« Pas d’embarcation, pas d’épave, pas de débris, pas de corps. »
29 août 2023
« Comment un bateau transportant 500 personnes peut-il disparaître en pleine mer Méditerranée ? » C’est la question lancinante que se posait Camille Martin, photographe à bord de l’Ocean Viking, en ce 23 mai 2023.

Le 23 mai, nous avons reçu un signalement de l’ONG Alarm Phone à propos d’un bateau de pêche surchargé, avec environ 500 personnes à bord. Selon Alarm Phone, le bateau coulait lentement et les personnes commençaient à paniquer. Parmi elles, des dizaines d’enfants ainsi que des femmes enceintes. L’embarcation dérivait dans la Région de recherche et de sauvetage maltaise lorsque son moteur s’est arrêté. Quand nous avons reçu l’alerte, nous étions à environ 36 heures de navigation et aucun navire de sauvetage n’était dans cette zone, nous avons donc décidé de nous diriger vers sa position, tout comme le navire de sauvetage Life Support, de l’ONG Emergency. Nous espérions que les personnes naufragées seraient secourues avant notre arrivée, car ils se trouvaient à proximité d’une route commerciale très fréquentée.

Mais personne ne les a secourues. Lorsque nous sommes arrivé.e.s à proximité de leur dernière position connue, Alarm Phone avait perdu contact avec l’embarcation depuis plus de 24 heures.  Dès que le Life Support est arrivé sur zone – 10 heures avant nous – son équipe a effectué des recherches, de nuit, mais n’a pas trouvé l’embarcation. Les avions Colibri et Seabird, des ONG Pilotes volontaire et Sea Watch, ont survolé la zone mais n’ont rien repéré non plus. Pas d’embarcation, pas d’épave, pas de débris, pas de corps. La question que chacun.e se posait : « Que leur est-il arrivé ? » Comment un bateau transportant 500 personnes peut-il disparaître en pleine mer Méditerranée ?

J’ai ressenti une grande douleur au fond de moi, de ne pas savoir ce qui avait pu leur arriver.

Lorsque nous sommes arrivé.e.s à proximité de leur dernière position connue, nous avons commencé, en coordination avec les équipes du Life Support, à effectuer des recherches. Une double veille aux jumelles a été activée afin d’observer chaque centimètre de mer autour de nous. En parallèle, sur la passerelle, notre coordinateur de recherche et de sauvetage était au téléphone avec les autres organisations humanitaires impliquées dans les recherches et les autorités maritimes maltaise et italienne.

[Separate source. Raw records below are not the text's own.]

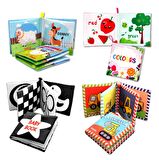 4 Kitap Tox İngilizce Renkler , İş Makinaları , Çiftlik Hayvanları ve Bebek Kumaş Sessiz Kitap E118 E119 E136 E129 - Bez Kitap , Eğitici Oyuncak , Yumuşak ve Hışırtılı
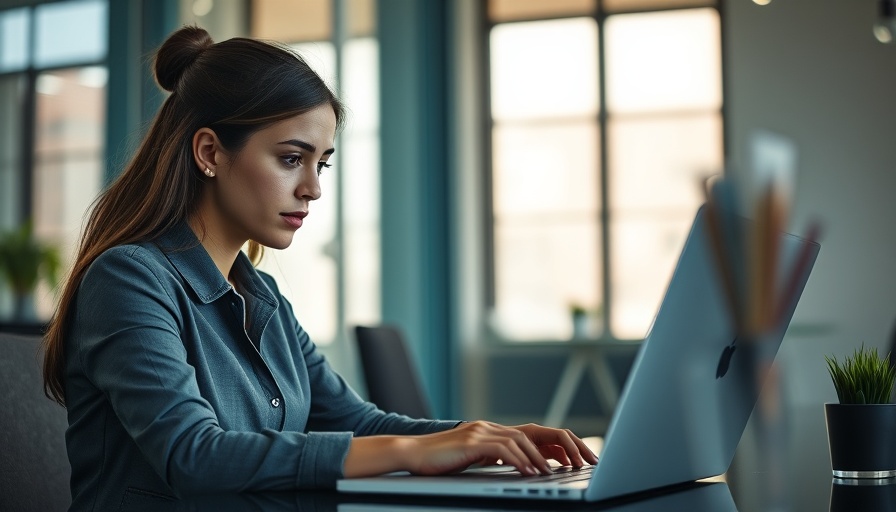 Young professional deep in thought, working in modern office.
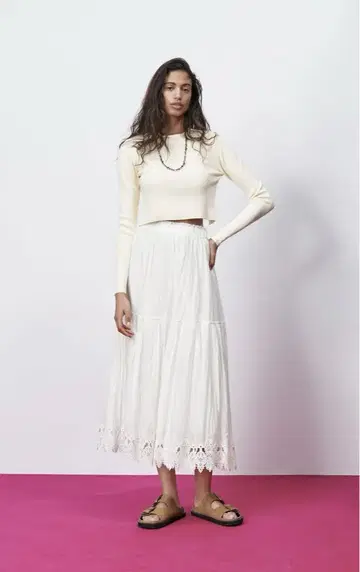 미사용 새상품 ZARA 롱 크로셰 스커트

Cette phase de recherche aux jumelles est cruciale, même dans le cadre d’une opération régulière. Car même si nous disposons de radars et d’informations provenant des avions ou d’Alarm Phone, c’est toujours de nos propres yeux que nous repérons une embarcation avant de pouvoir procéder au sauvetage. Il ne nous est pas permis de manquer un seul recoin de la mer, sous peine de passer à côté des personnes en détresse. Nous devons être concentré.e.s, calmes et méthodiques. C’est une partie essentielle du travail, car avant le « sauvetage », il y a la « recherche ».

Ce jour-là, nos yeux étaient leur dernière chance d’être vu.e.s. Mais ce jour-là, les recherches ont été vaines. Nous ne les avons jamais retrouvé.e.s et nous n’avons jamais trouvé d’épave non plus. J’ai ressenti une grande douleur au fond de moi, de ne pas savoir ce qui avait pu leur arriver.

Dans les jours qui ont suivi cette recherche, nous avons appris que le bateau avait été refoulé vers la Libye avant que nous n’arrivions dans la zone. Selon l’OIM et le HCR, les personnes ont été ramenées à Benghazi par un navire appartenant à l’Armée nationale libyenne, une force présente dans l’est du pays et dirigée par le chef militaire Khalifa Haftar.